Working my hamstrings

UNITED KINGDOM | Thursday, 1 September 2011 | Views [312]

The steep hills and streets of Edinburgh must exist to balance out all the drinking they do. Down the bottom of the Royal Mile, near Holyrood House and the ghastly Parliament Building, is Arthur's Seat. From street view, it's nothing impressive. A trail of people can be seen walking up the face of hill and disappearing around the side. There's a map at the start which informed me that Arthur's Seat, the highest peak, is somewhere in the middle of the dormant volcano. It was to be the only map along the entire walk. I was told by some travellers in my hostel that it takes 45 minutes to reach Arthur's Seat and get back again. However lack of maps or signs and paths converging whenever they wanted made my walk longer and more confusing. It took me 3 hours to reach the peak. My route, whatever it was, gave me wonderful views out over Edinburgh. Scrambling up to the peak itself is very rocky and only a few people can fit at the one time. Arthur's Seat is 250 metres above sea level.

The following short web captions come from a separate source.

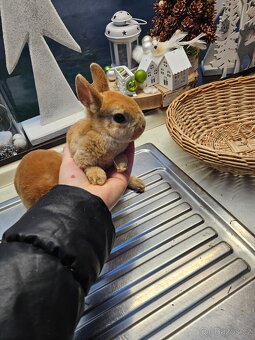 Zakrslý králík - 7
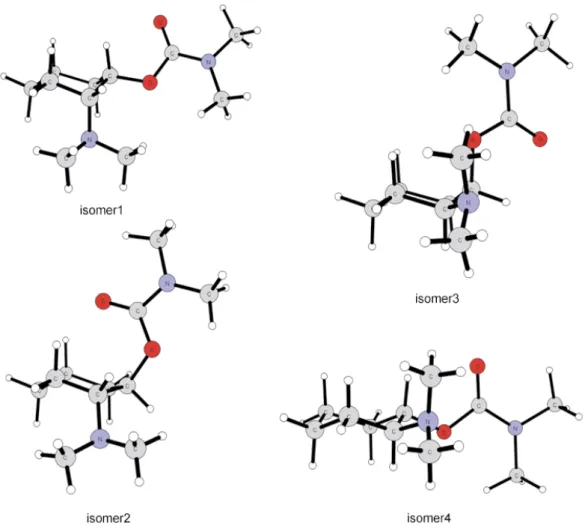 Figure 1. Optimized geometries od molecular models of four different isomers of 2-N,N-dimethy- 2-N,N-dimethy-laminecyclohexyl 1-N’,Ní-dimethylcarbamate.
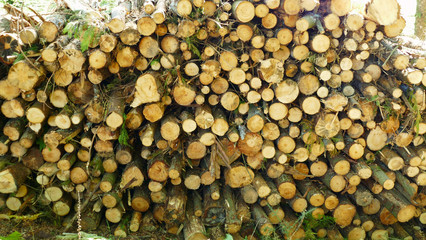 Firewood piled on the mountain
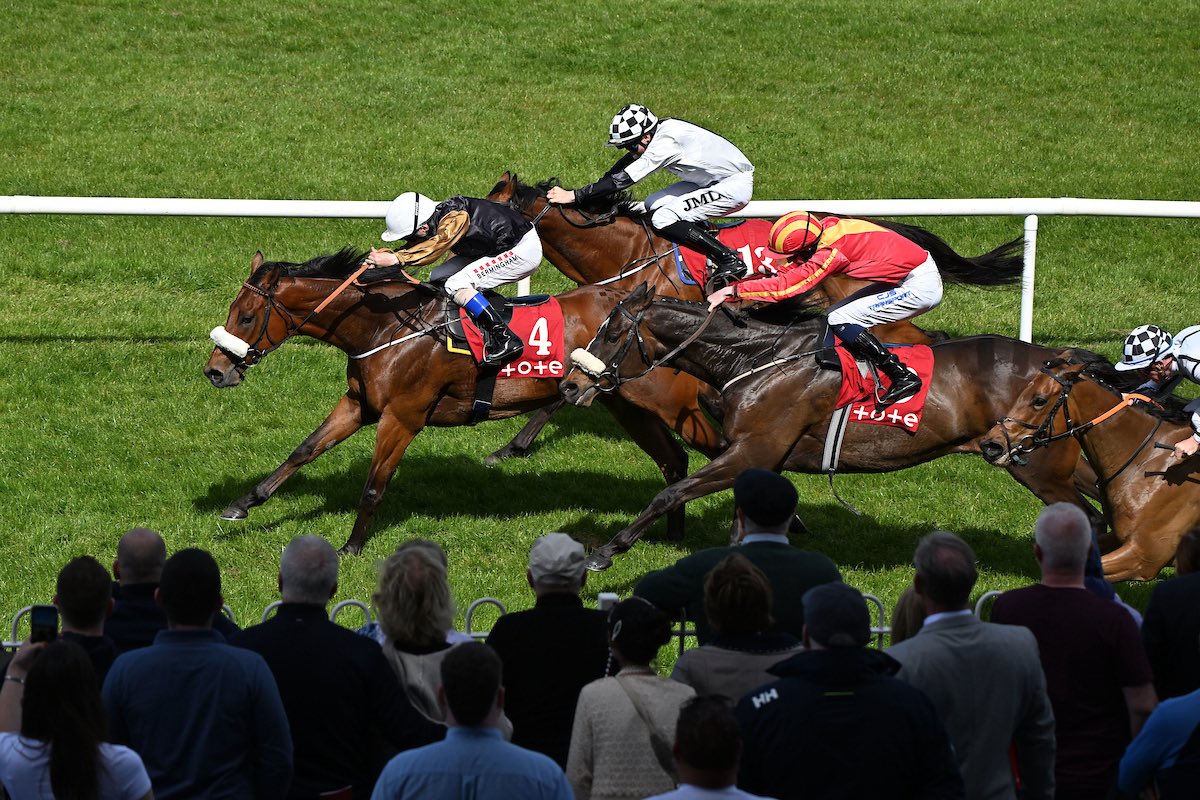 Harty Racing tweet media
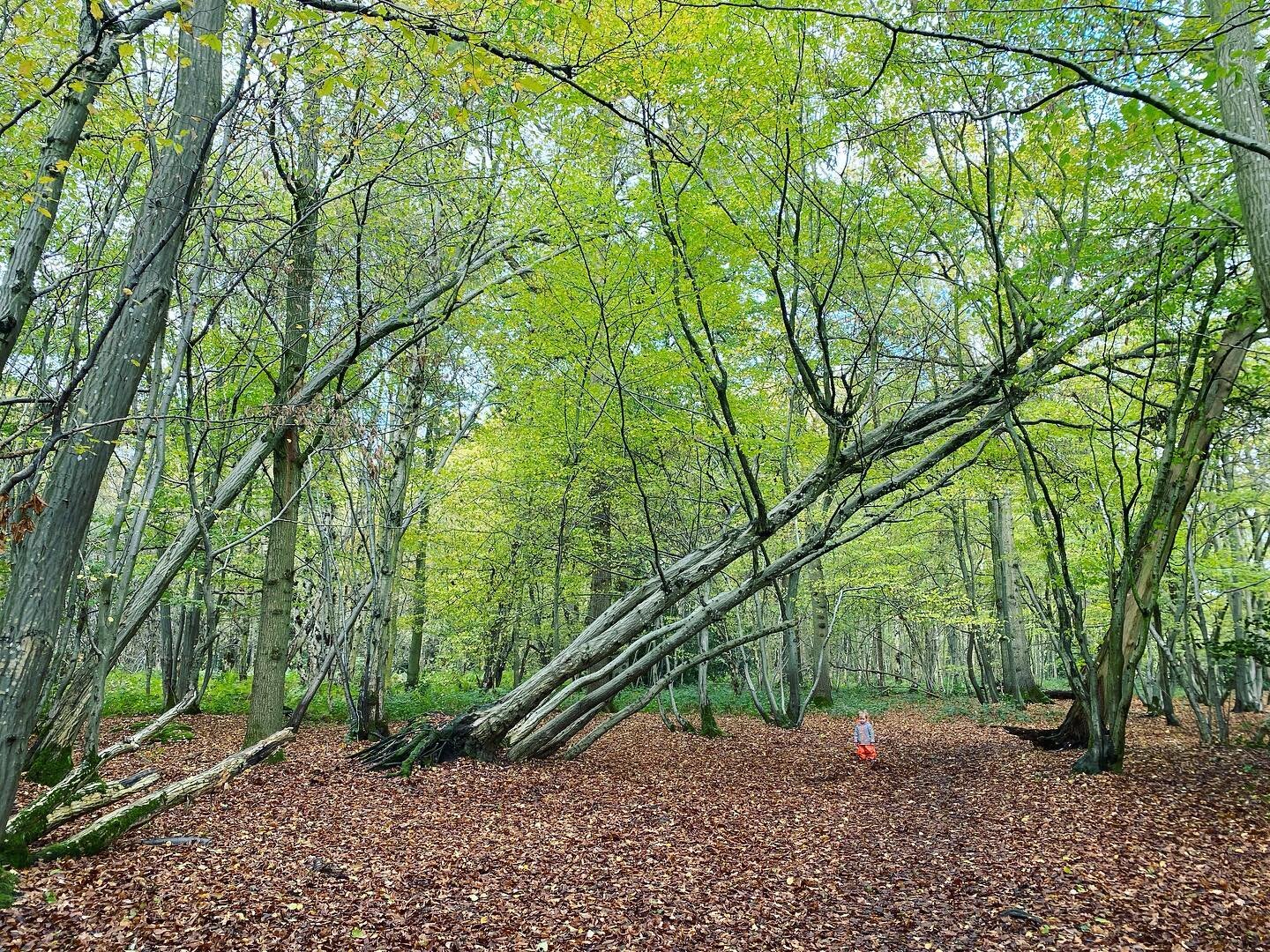 Just 8 minutes drive away from The Chestnuts is the beautiful Tyrrel&rsquo;s Wood. 🍃

It has a handy car park and clear paths - perfect for dog walkers, little ones and anyone who fancies a lovely stroll through the woods! 

Let us know if you&rsquo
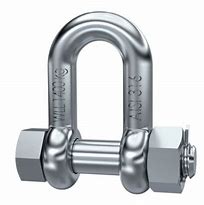 Image result for Load Rated SS316 D Shackle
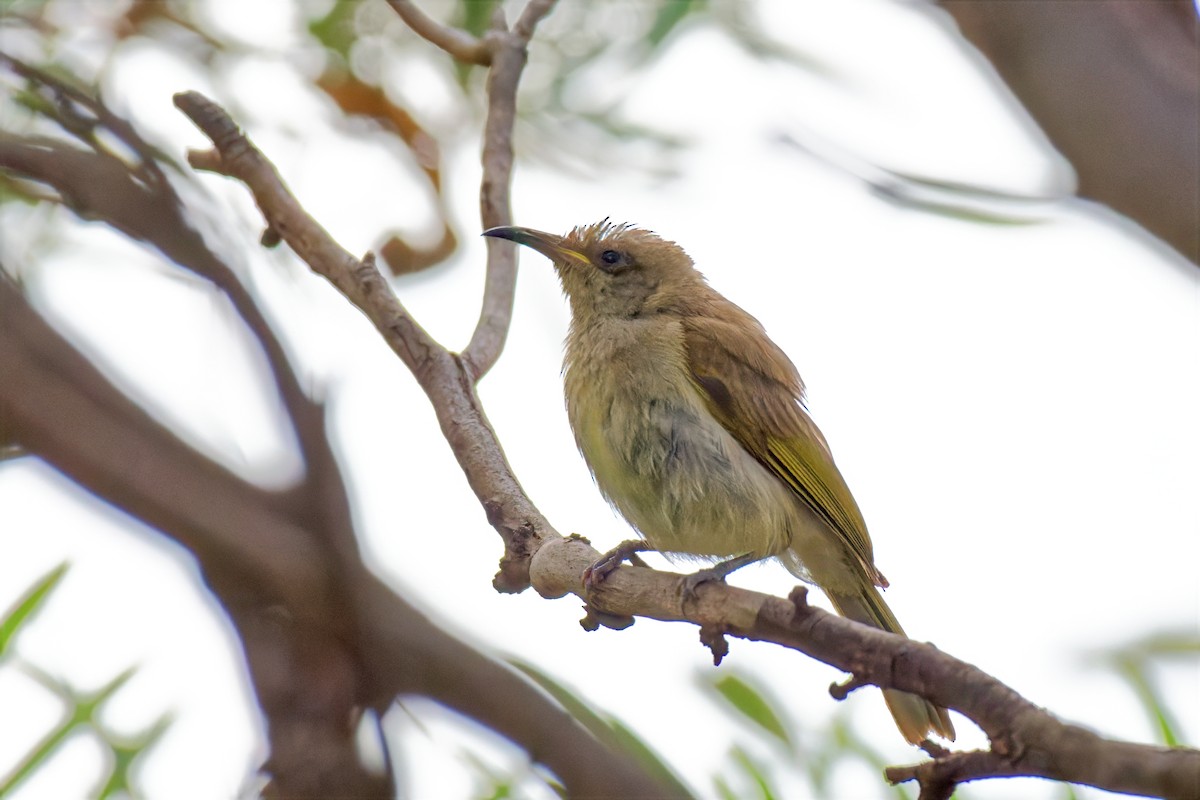 Méliphage brunâtre - ML646784711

The walk back up the Royal Mile to my hostel is painful after visiting Arthur's. Locals walk around the old town like it's nothing. The new town is much more flat and comprehensible however it doesn't have the old town's charm. Edinburgh is a huge city, the fourth biggest in the UK, and if they could remove the bagpipe buskers and tacky souvenir shops, I could amuse myself here for weeks.